Oh, encule-toi bien !
Oh, ta race bien !
reste en France un vocabulaire de jeunes de banlieue.

I think that Seeda and Cath S' suggestions fit the context better.


----------



## hampton.mc

True 

Thank you all


----------



## pointvirgule

_Merde-ci beaucoup._


----------



## hampton.mc

Merde-ci beaucoup... Spot on
Mer*ci* beaucoup


----------



## Cath.S.

pointvirgule said:


> _Merde-ci beaucoup._


Trop *b*on.


----------



## Nicomon

Cath.S. said:


> Trop *b*on.


  Je plussoie.


----------



## LART01

je vous remer-chie du fond du cul ( fanny...I mean funny, right?)


----------



## hampton.mc

Joli  mais un peu trop imagé pour mon contexte


----------



## Jasmine tea

Mille mercu.


----------



## florence a

Je suis sûre que Helen Mirren dit ça à un moment dans le film "State of Play" (le remake américain du téléfilm anglais), il faudrait voir le sous-titrage, pas le temps de chercher, là, désolée!


----------



## Laurie.Cocoon

Seeda said:


> Je trouve un peu que le jeu de mot n'est déjà pas terrible en anglais, non pas à cause de la vulgarité, mais du fait qu'il se situe au début de la phrase et pas à la fin, donc je ne sais pas si on pourra faire des prouesses pour le rendre en français. Je suggère simplement : _Oh mais je t'emmerde du fond du coeur (tu sais)_.


  This one is my favourite!


----------



## hampton.mc

Oui j'aimais bien la suggestion de Seeda mais je ne sais pas si un mec emploierait "du fond du coeur" surtout s'il est énervé.


----------



## Laurie.Cocoon

Oh si, moi je m'imagine très bien dire "Mais je t'emmerde ! Et du fond du cœur mon gars!" Très lentement, en insistant bien sur le _merde _de _emmerde_, de manière assez calme pour bien marquer l'ironie.


----------



## florence a

Le sous-titre de la réplique prononcée par Helen Mirren était: Merci, mon gland.
Pas terrible je trouve.


----------



## Nicomon

Bonjour,

J'ai trouvé cet *autre fil*. 

J'aime bien la solution de misstic : « _Je vous prie d'aller vous faire foutre _», ou celle de Pieanne, plus courte : « _Merci, beau con ». _


----------



## Guill

Je t'emmercie profondément ?


----------



## Cath.S.

florence a said:


> Le sous-titre de la réplique prononcée par Helen Mirren était: *Merci, mon gland*.
> Pas terrible je trouve.


Ah, moi je trouve ça pas mal trouvé.


----------



## florence a

Oui, au fond.

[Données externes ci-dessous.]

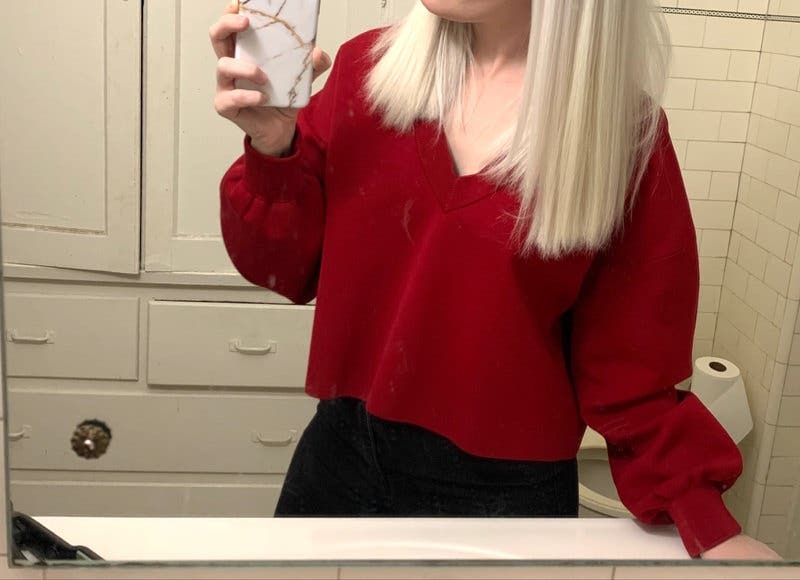 review thumbnail images 7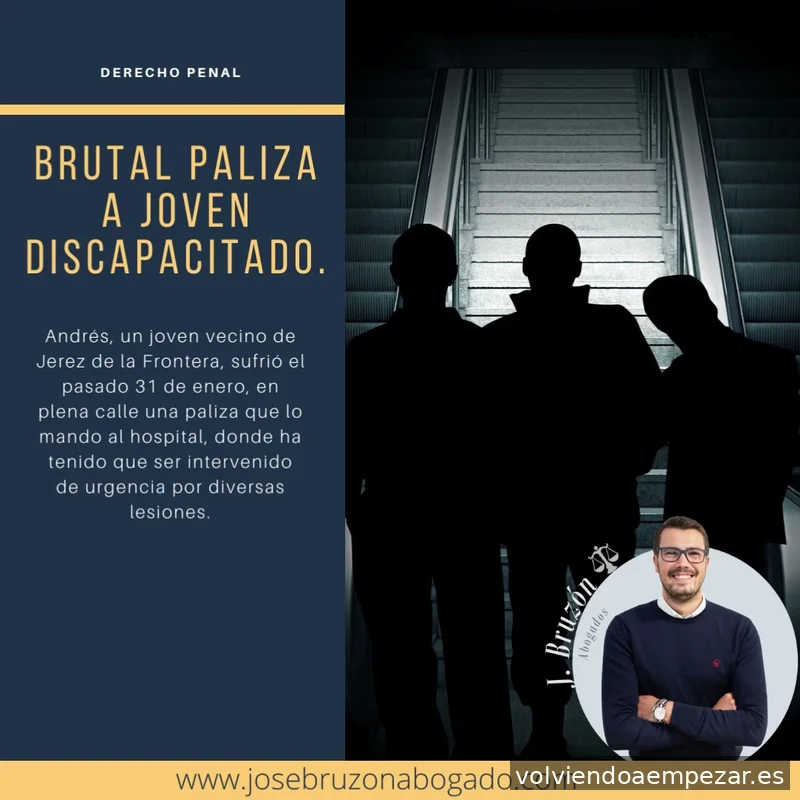 J. Bruzón Abogados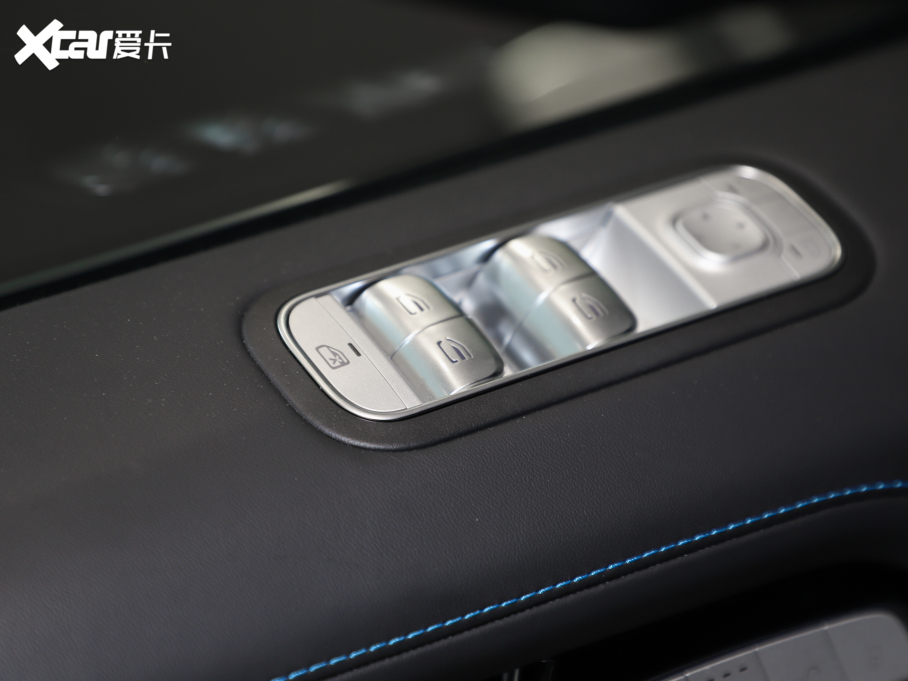 2024��YG����� G580 �װl(f��)�؄e��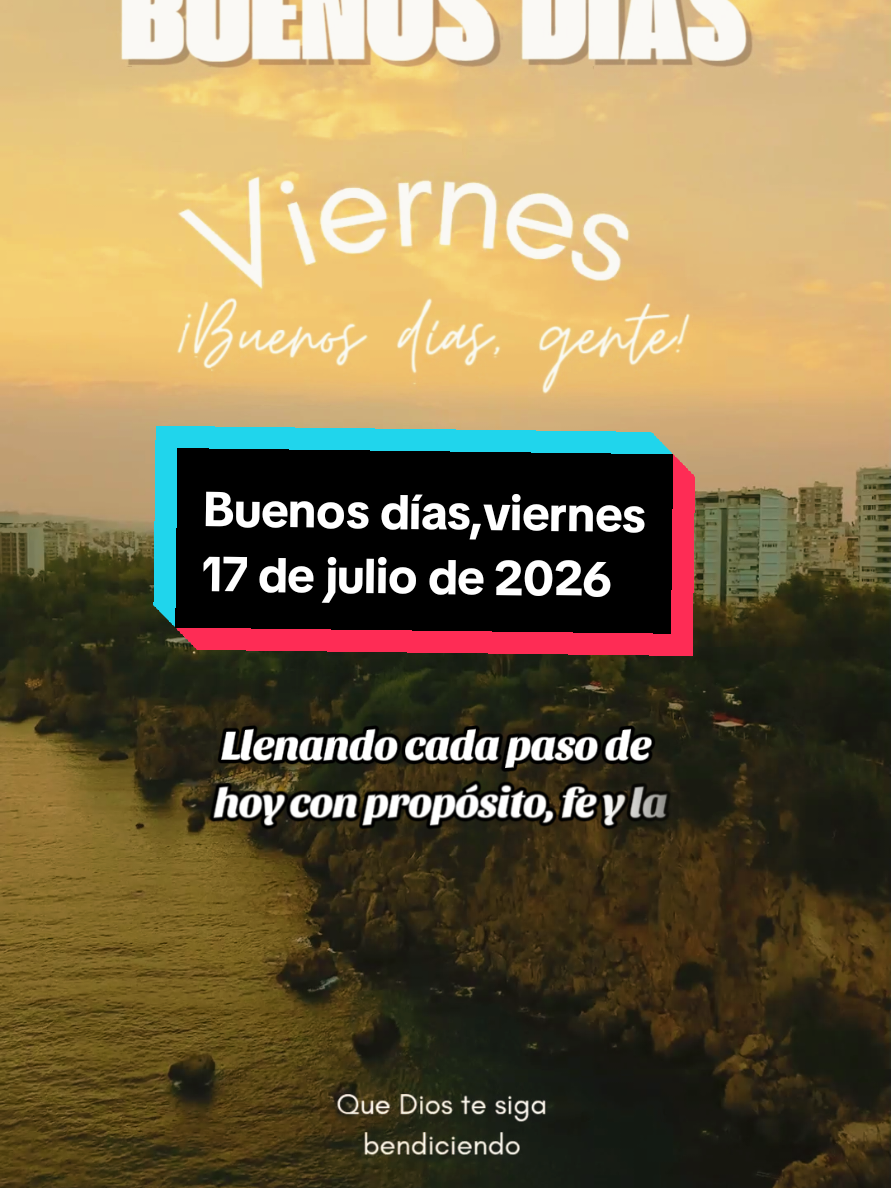 @🍨🥳🍦 Buenosdias🍨😎🍦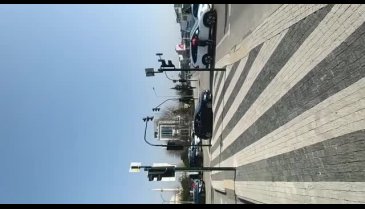 Bursa'da kent meydanı abluka altında!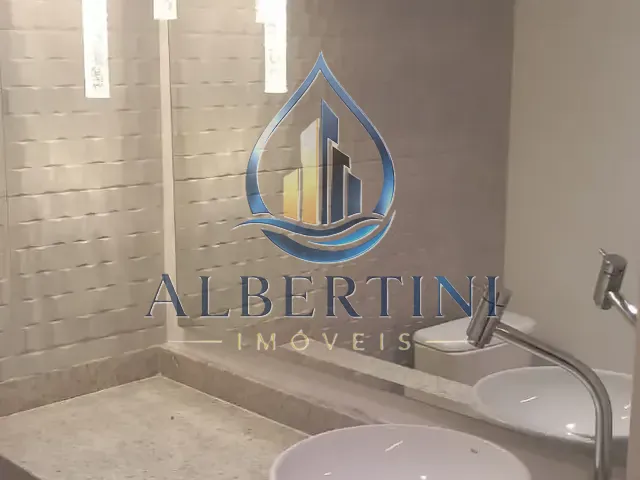 Studio com 43m² 1 quarto e 1 banheiro, para alugar, no bairro Paraíso em São Paulo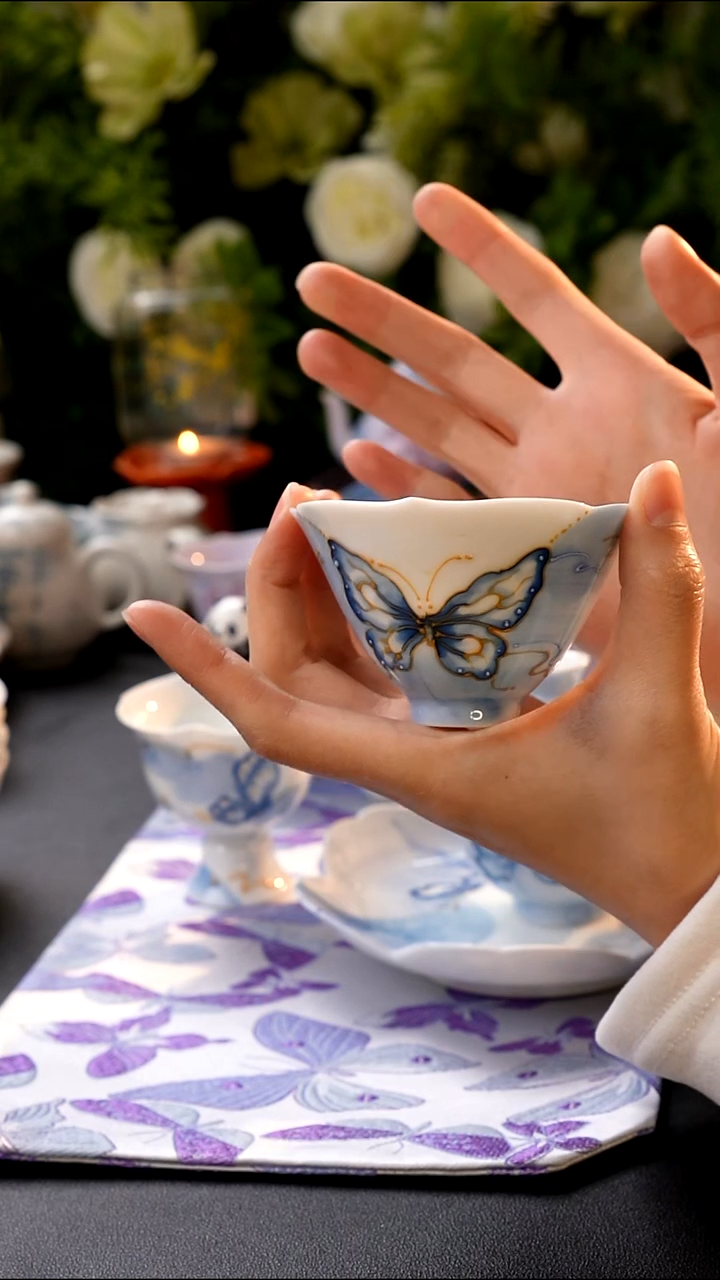 和哈哈哈哈哈哈哈哈哈哈哈哈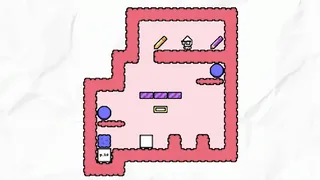 Скриншот 6 к игре Pointdexter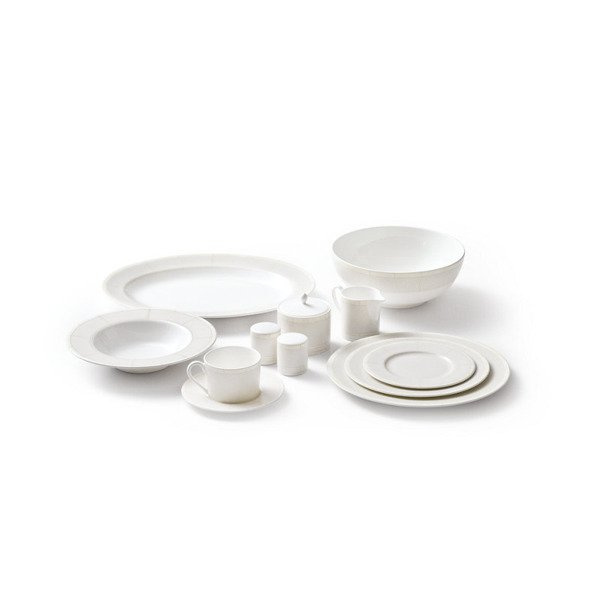 Mlecznik Ralph Lauren Home, z kolekcji Vivienne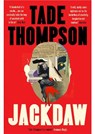 Jackdaw - Tade Thompson - 9781739440527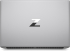  ZBook Fury 16 G9 grau, Core i9-12950HX, 32GB RAM, 1TB SSD, RTX A3000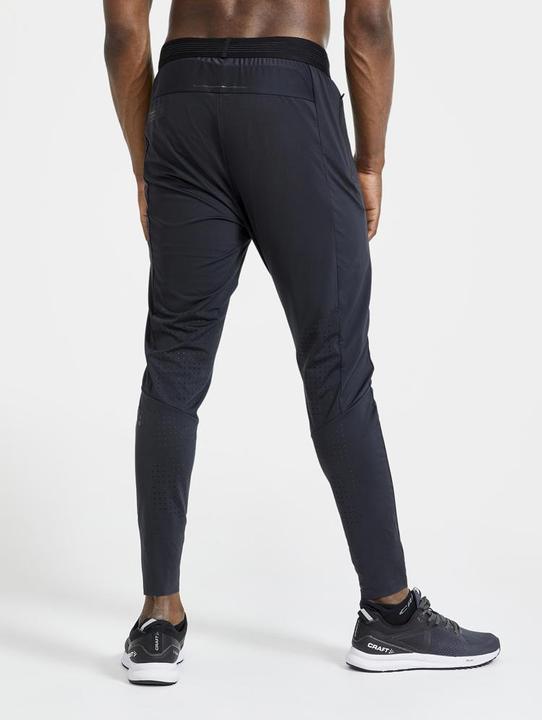 Produktbild Craft Pro Hypervent Pants (XS)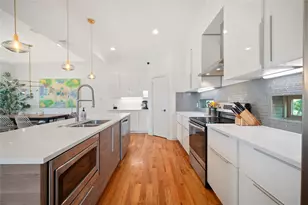 5708 Bryan Pkwy, Dallas, TX 75206 - Photo 6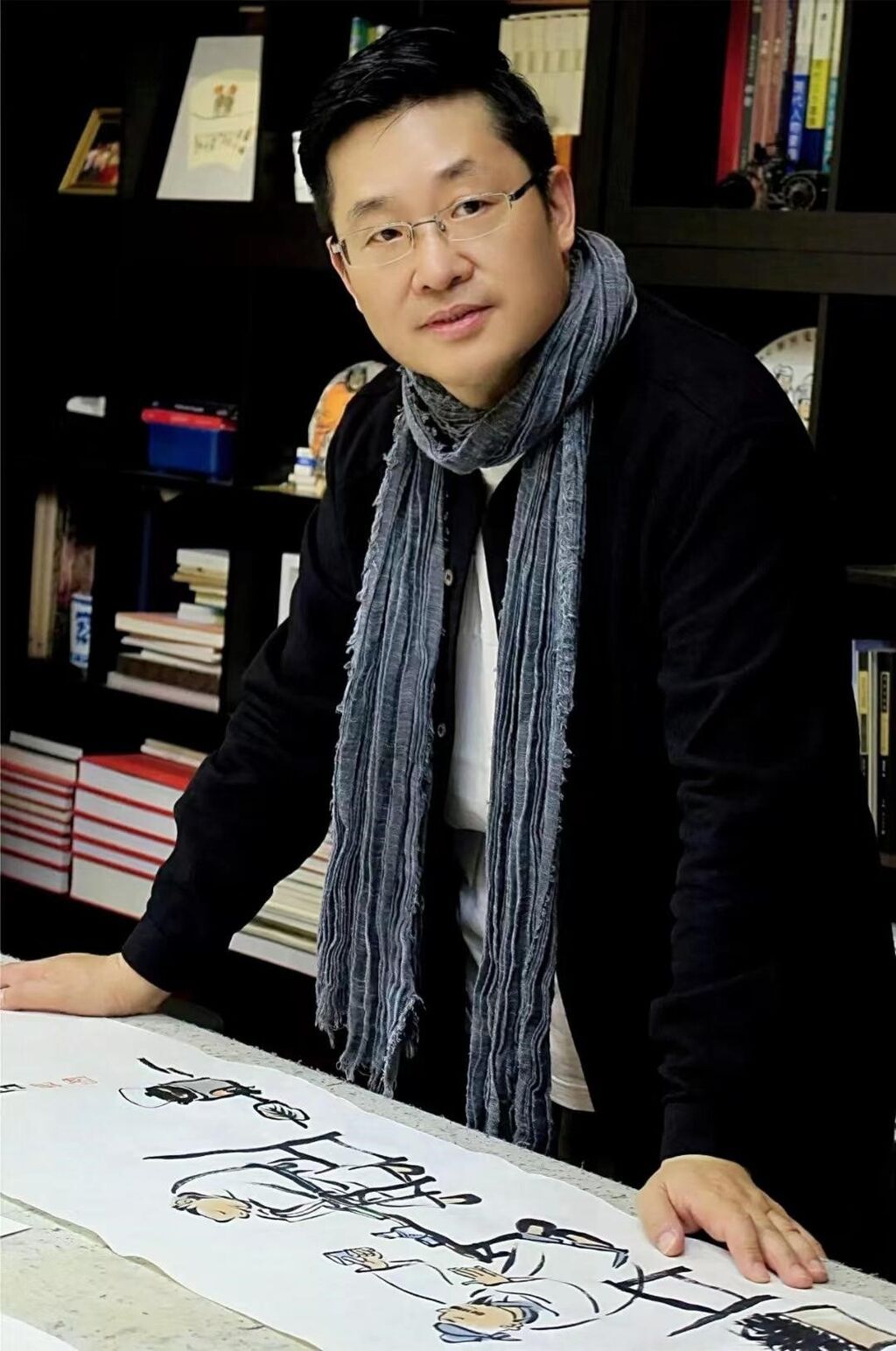 劉勇.jpg
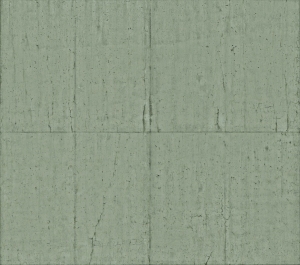 ModernStone Brick Wall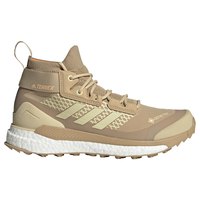 adidas-botas-senderismo-terrex-free-hiker-goretex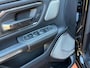 Dodge Ram 1500 5.7 V8 4x4 Crew Cab Limited Panodak,Luchtvering,Widebody Backover,Acc,Blis,Apple carpl,360 camera,HUD,Stoelven V+A,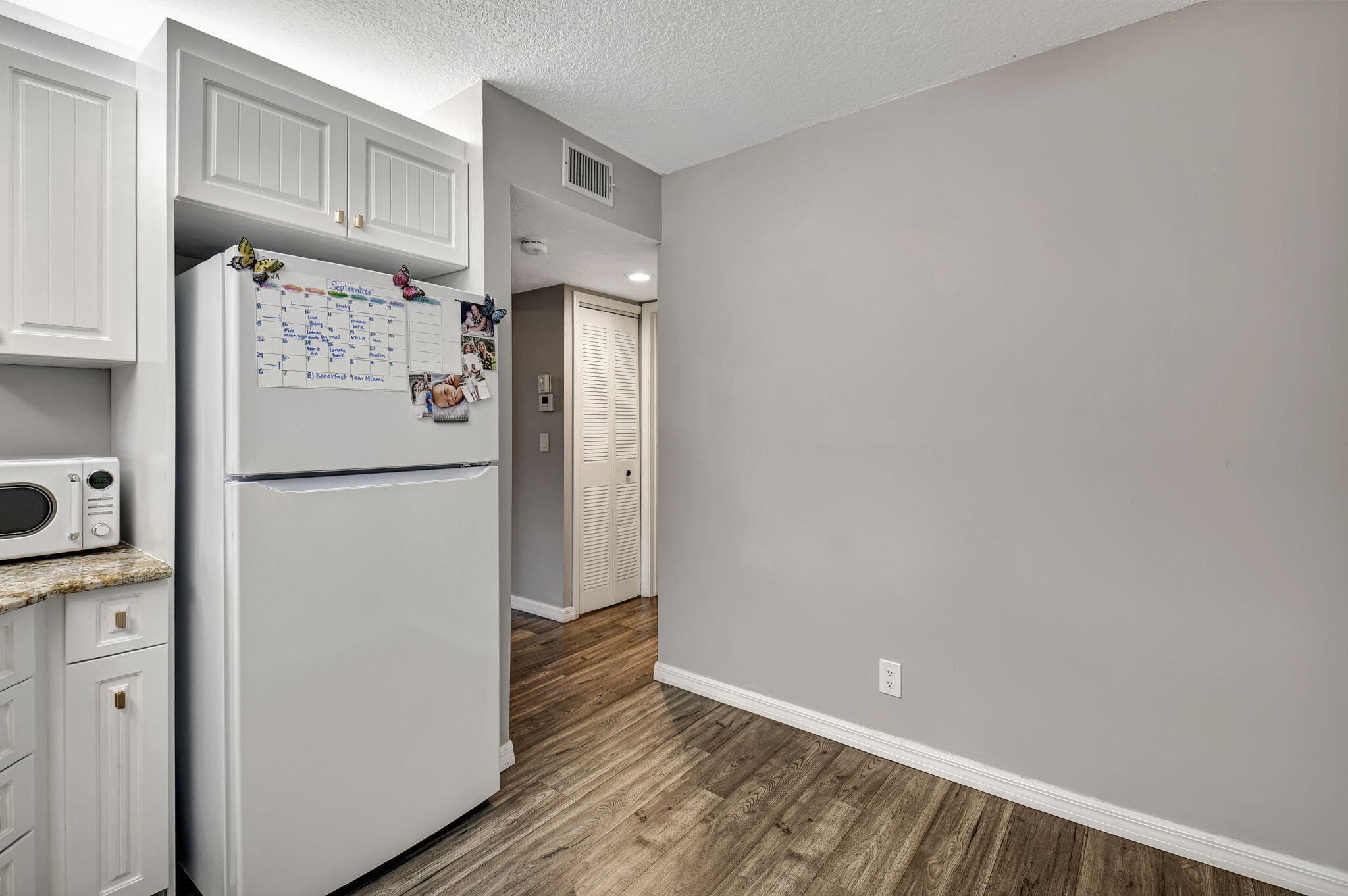 22 Via De Casas Sur 101, Boynton Beach, FL 33426 — photo 14 of 38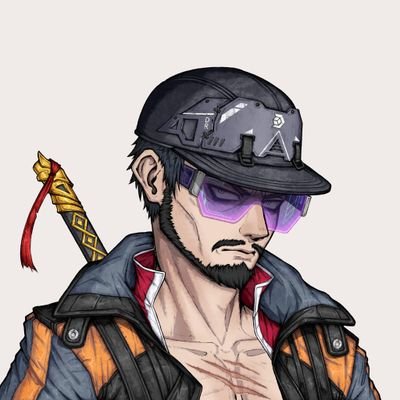 Soquils's profile picture. 8K2SVZQ5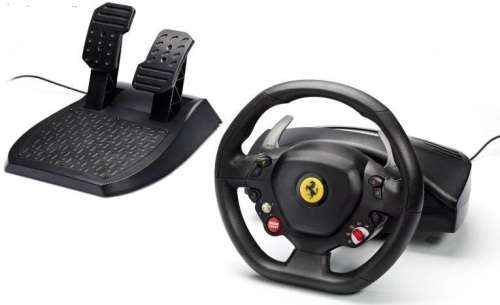 Playseat Gaming Seat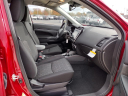Thumbnail image of 2024 Mitsubishi Outlander Sport at Grand Blanc Mitsubishi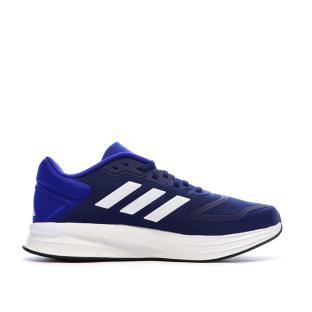 Baskets Bleu Adidas Duramo Sl 2.0 [6a8f0e2207826] vue 0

Mais ça surprend dans sa bouche!


----------



## Cath.S.

Je n'ai pas vu ce film, donc je ne me rends pas compte. Mais je trouve que pour le texte de HMC, ce serait une solution envisageable.


----------



## mgarizona

Cath.S. said:


> Je n'ai pas vu ce film, donc je ne me rends pas compte. Mais je trouve que pour le texte de HMC, ce serait une solution envisageable.



Do you? From a woman as ... let's say, substantial ... in her person as Helen Mirren, I think "Merci, mon gland" is hilarious.

But MC has two men talking, no? I can't see that from one man to another ... not without boas being involved.

I'm for 'Merde-ci beaucoup' ... would "Merde-ci, mon vicieux" be too much?

Also loved "Monsieur es trop con" ... it has the original's simple venom.


----------



## BAlfson

Is there a possible _contrepèterie_ of a phrase that normally means "thank you very much" but is modified to to mean "fuck off!"?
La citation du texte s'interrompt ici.